_ABOUT THIS EXERCISE_.
From the material below, return exactly the lines starting at the one that holds "Потолочная люстра De Markt Альфа 115010103" and ending at the one that holds "100% Whey Concentrate 900g Sabor Pistache". Pictures stay out of the answer.

_DATA FOR THIS EXERCISE_.
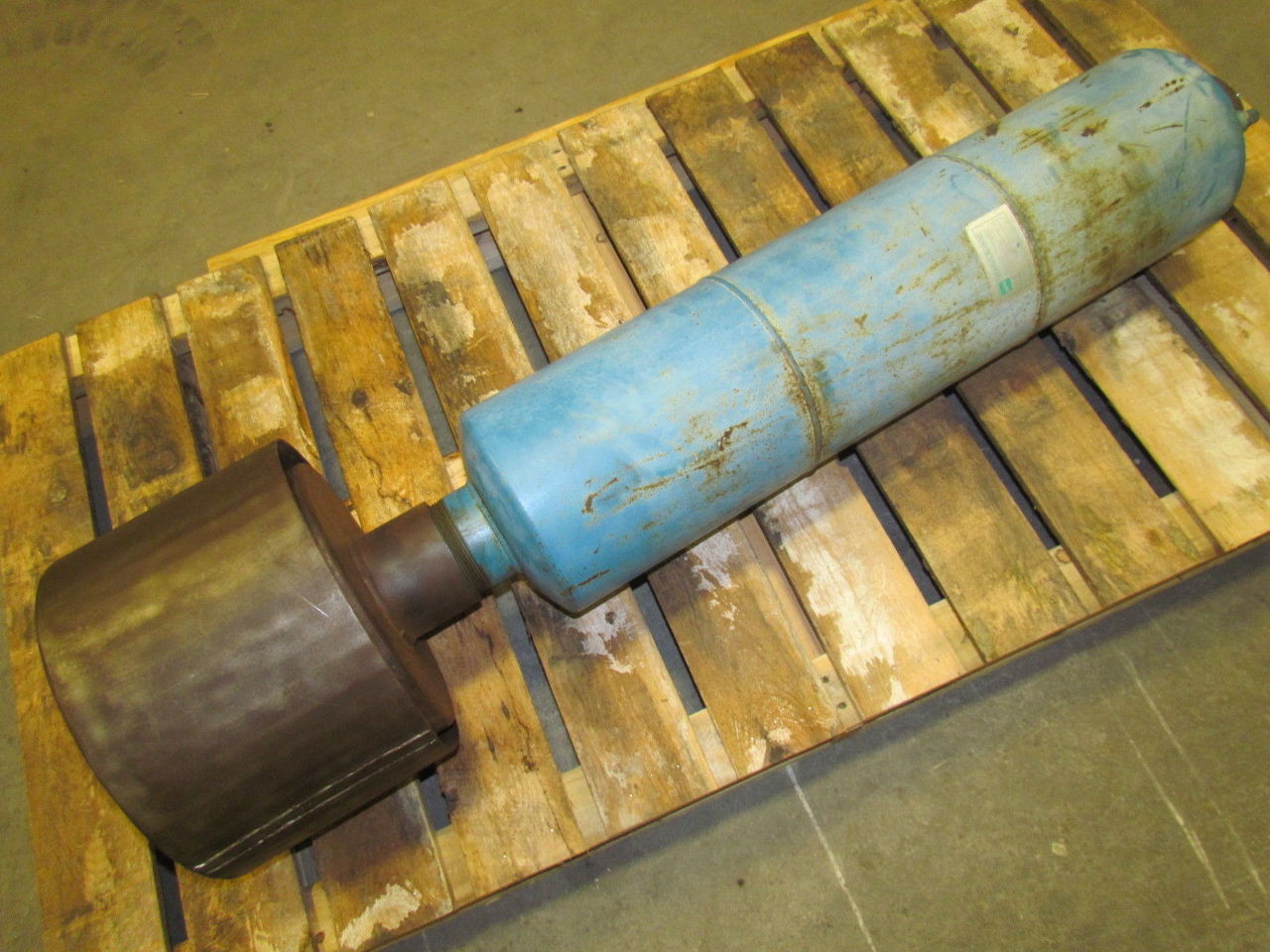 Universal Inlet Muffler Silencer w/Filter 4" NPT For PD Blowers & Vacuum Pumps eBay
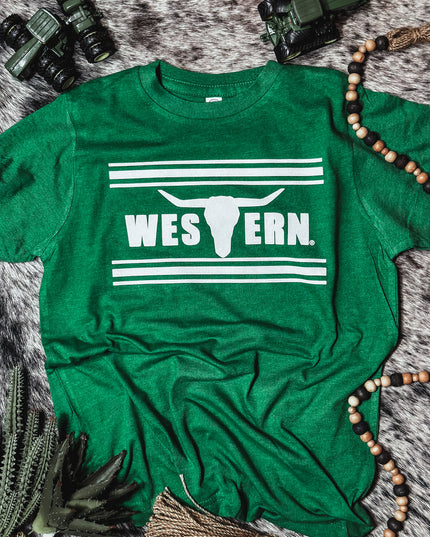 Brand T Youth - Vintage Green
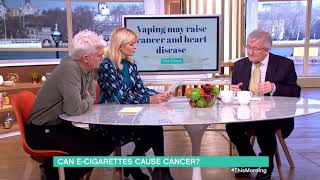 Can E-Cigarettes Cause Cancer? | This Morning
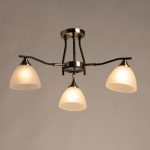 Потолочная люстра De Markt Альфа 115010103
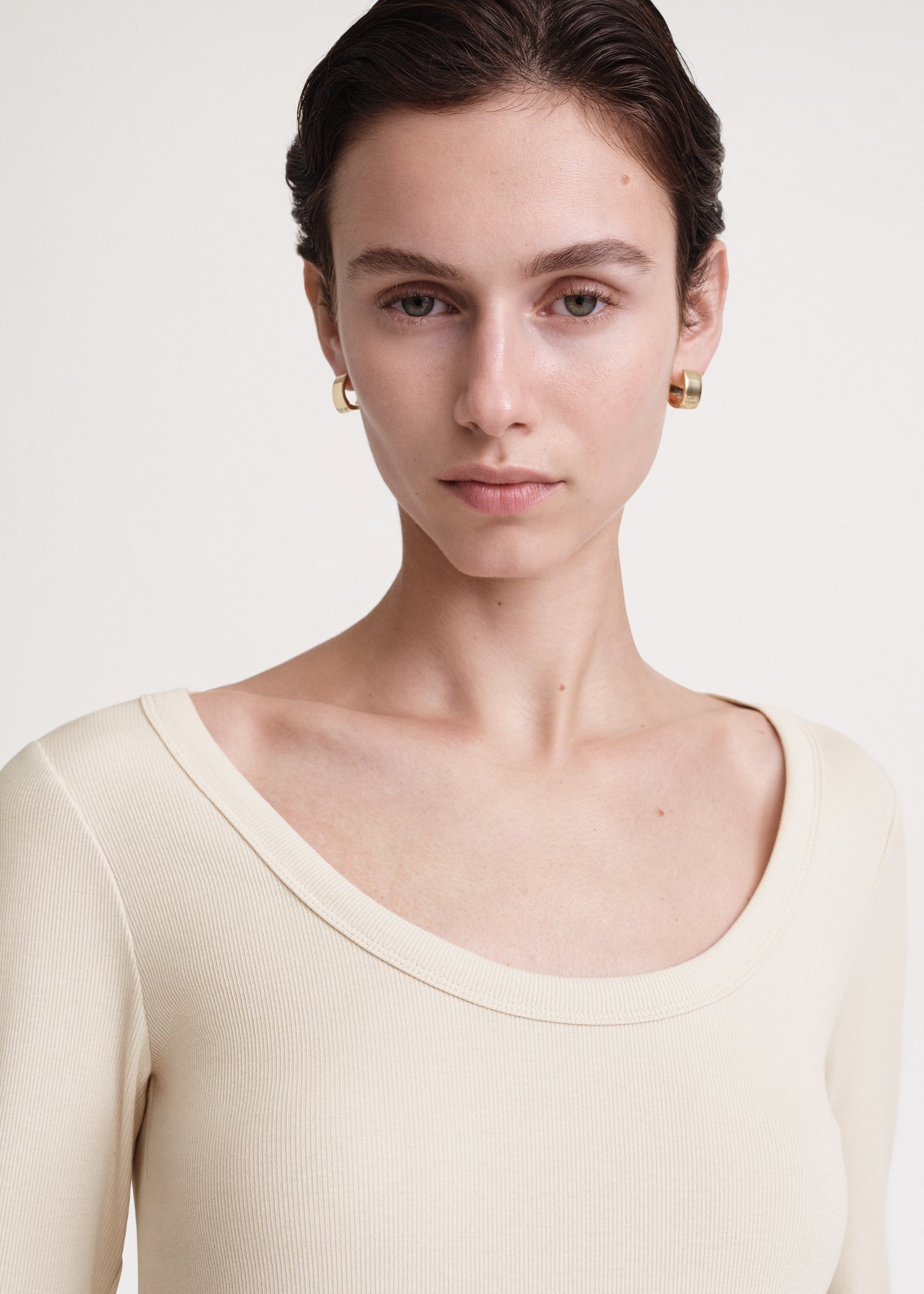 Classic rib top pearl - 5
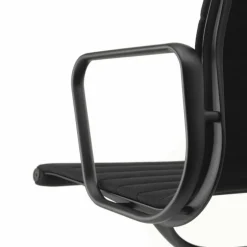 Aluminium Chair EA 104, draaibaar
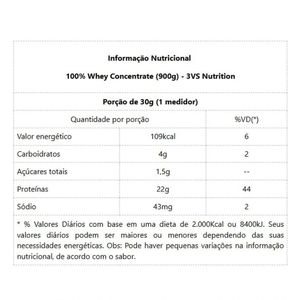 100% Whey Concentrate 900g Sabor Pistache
...
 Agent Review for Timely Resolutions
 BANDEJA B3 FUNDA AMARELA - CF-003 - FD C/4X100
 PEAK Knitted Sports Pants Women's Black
...
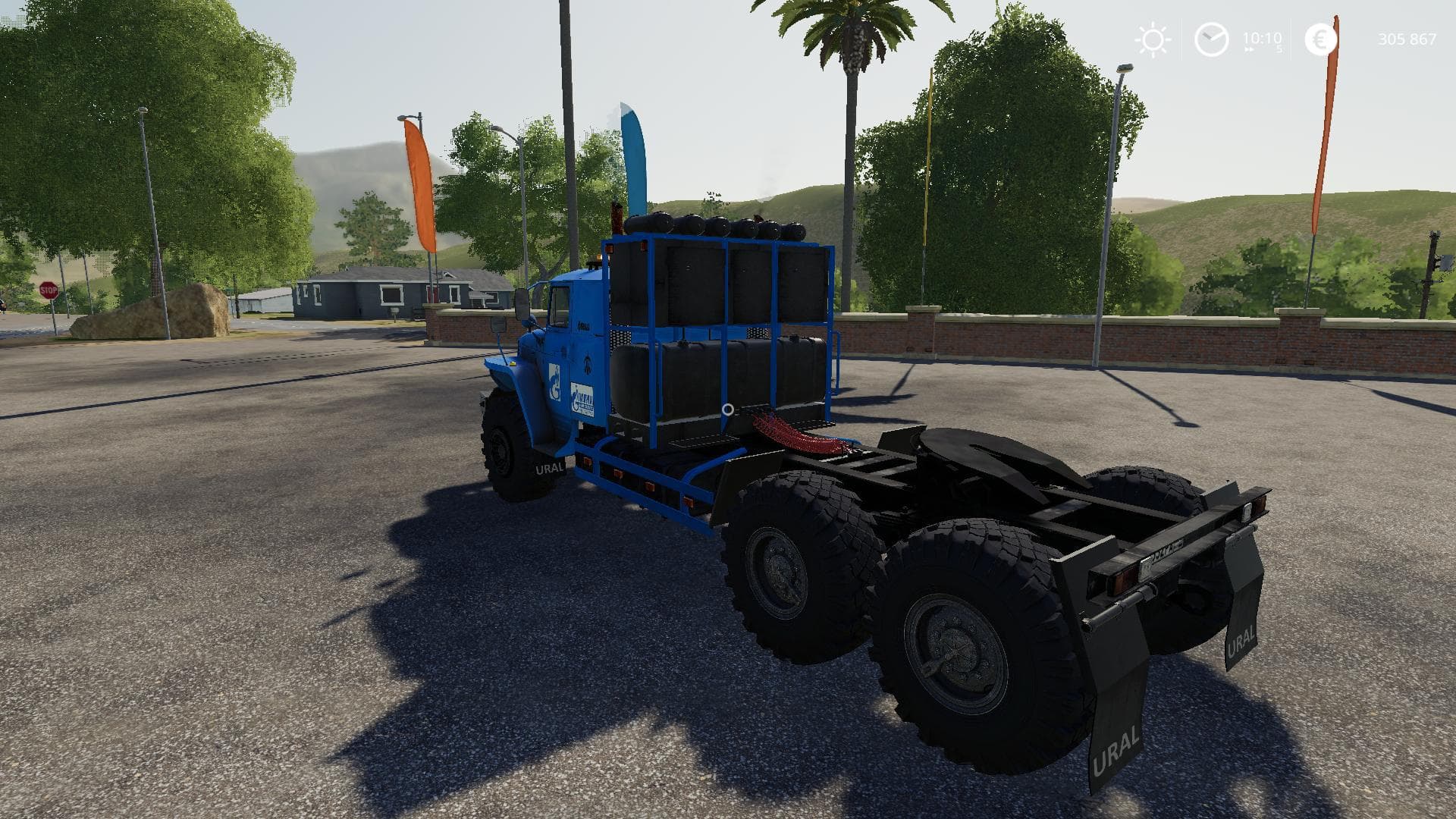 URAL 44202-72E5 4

_EXERCISE ANSWER_.
 Потолочная люстра De Markt Альфа 115010103
 Classic rib top pearl - 5
 Aluminium Chair EA 104, draaibaar
 100% Whey Concentrate 900g Sabor Pistache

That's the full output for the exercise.